• **RECORDS SUPPLIED**
__________
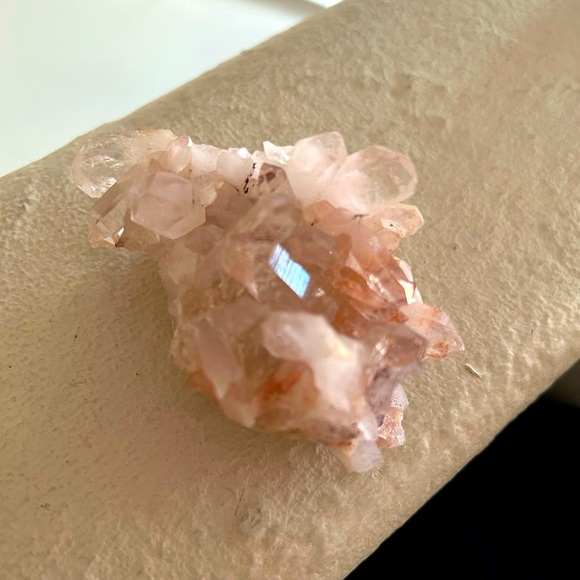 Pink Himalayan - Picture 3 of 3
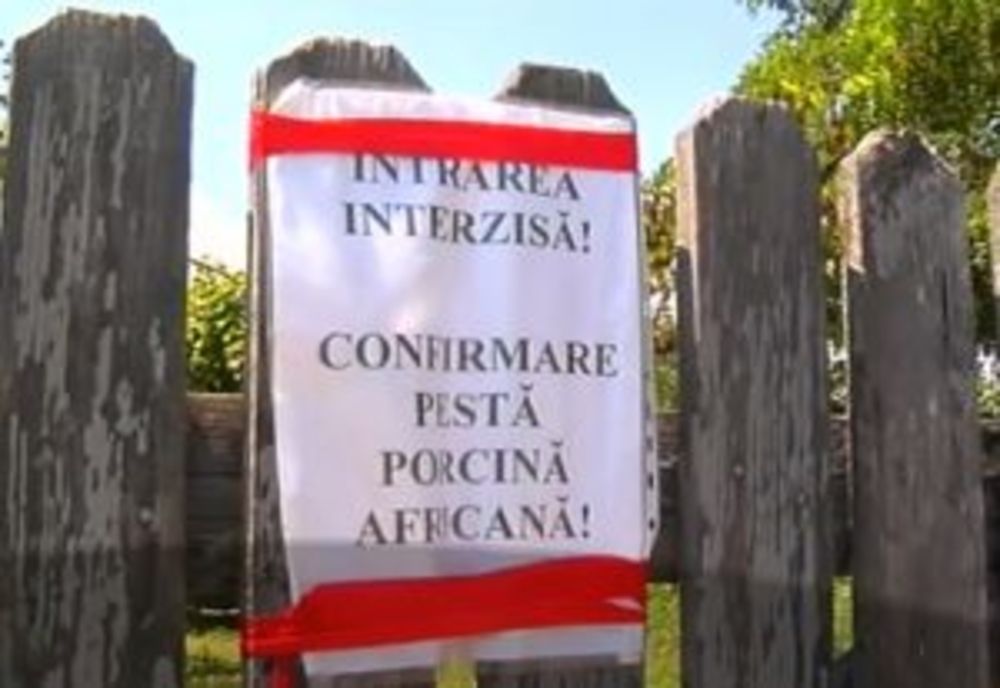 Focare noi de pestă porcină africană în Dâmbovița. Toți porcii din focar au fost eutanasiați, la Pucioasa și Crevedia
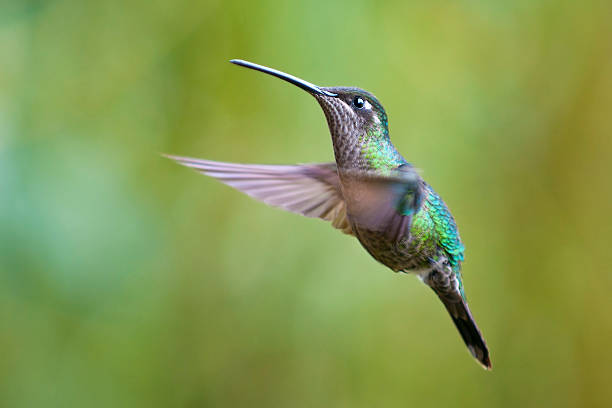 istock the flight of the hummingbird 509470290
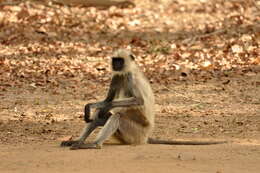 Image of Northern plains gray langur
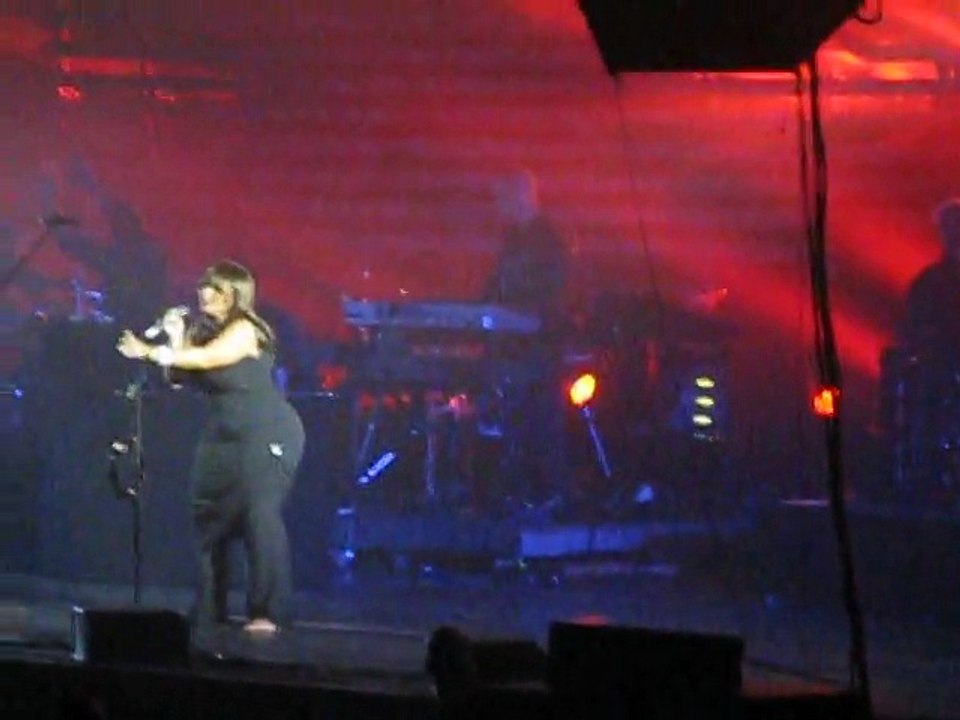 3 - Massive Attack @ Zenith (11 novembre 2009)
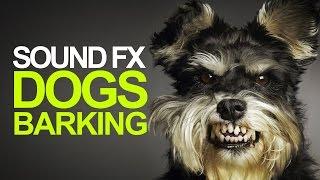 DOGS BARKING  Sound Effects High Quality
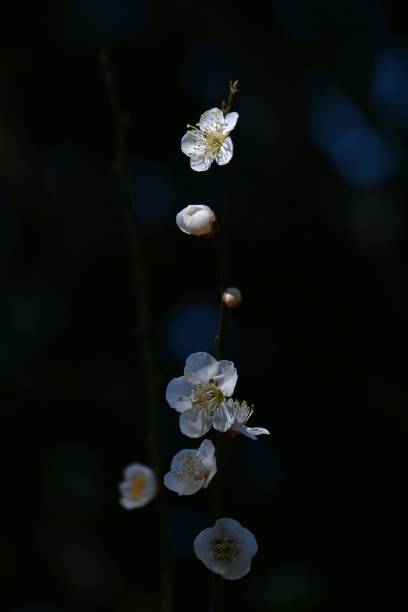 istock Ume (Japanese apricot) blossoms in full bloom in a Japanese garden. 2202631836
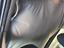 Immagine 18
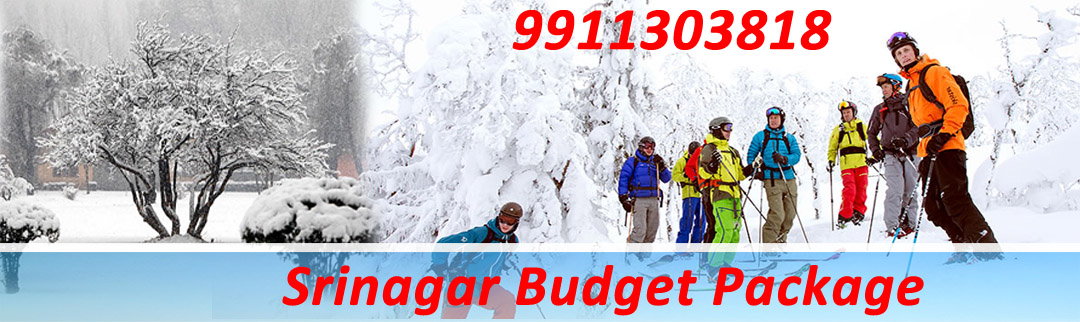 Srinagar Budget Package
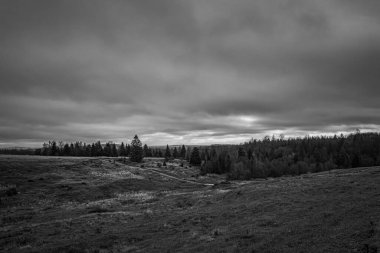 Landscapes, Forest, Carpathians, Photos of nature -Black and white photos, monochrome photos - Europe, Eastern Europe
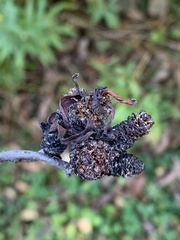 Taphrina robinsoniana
__________
Skip the pictures; extract only the lines from the line with "istock the flight" through the final line of the material, exactly as they appear.

• **RESULT**
 istock the flight of the hummingbird 509470290
 Image of Northern plains gray langur
 3 - Massive Attack @ Zenith (11 novembre 2009)
 DOGS BARKING  Sound Effects High Quality
 istock Ume (Japanese apricot) blossoms in full bloom in a Japanese garden. 2202631836
 Immagine 18
 Srinagar Budget Package
 Landscapes, Forest, Carpathians, Photos of nature -Black and white photos, monochrome photos - Europe, Eastern Europe
 Taphrina robinsoniana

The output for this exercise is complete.